FREQUENCY OF THE TRANSFER
The frequency of the transfer (e.g., whether the data is transferred on a one-off or continuous basis): Continuous basis depending on the use of the Services by Customer.
NATURE OF THE PROCESSING
The nature of the Processing is the performance of the Services pursuant to the Agreement.
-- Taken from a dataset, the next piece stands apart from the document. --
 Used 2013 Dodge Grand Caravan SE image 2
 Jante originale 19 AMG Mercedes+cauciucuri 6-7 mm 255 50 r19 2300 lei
PURPOSE OF PROCESSING, THE DATA TRANSFER AND FURTHER PROCESSING
Checksum will Process Personal Data as necessary to perform the Services pursuant to the Agreement, as further instructed by Customer in its use of the Services.
DURATION OF PROCESSING
The period for which the personal data will be retained, or, if that is not possible, the criteria used to determine that period:
Subject to section 9 of the DPA, Checksum will Process Personal Data for the duration of the Agreement, unless otherwise agreed upon in writing.
SUB-PROCESSOR TRANSFERS
For transfers to (sub-) processors, also specify subject matter, nature and duration of the processing:
As per 7 above, the Sub-processor will Process Personal Data as necessary to perform the Services pursuant to the Agreement. Subject to section 9 of this DPA, the Sub-processor will Process Personal Data for the duration of the Agreement, unless otherwise agreed in writing.
COMPETENT SUPERVISORY AUTHORITY
Identify the competent supervisory authority/ies in accordance with clause 13:
TECHNICAL AND ORGANISATIONAL MEASURES
Data importer will maintain administrative, physical, and technical safeguards for protection of the security, confidentiality and integrity of Personal Data uploaded to the Services. Data Importer will not materially decrease the overall security of the Services during a subscription term. Data Subject Requests shall be handled in accordance with section 3 of the DPA.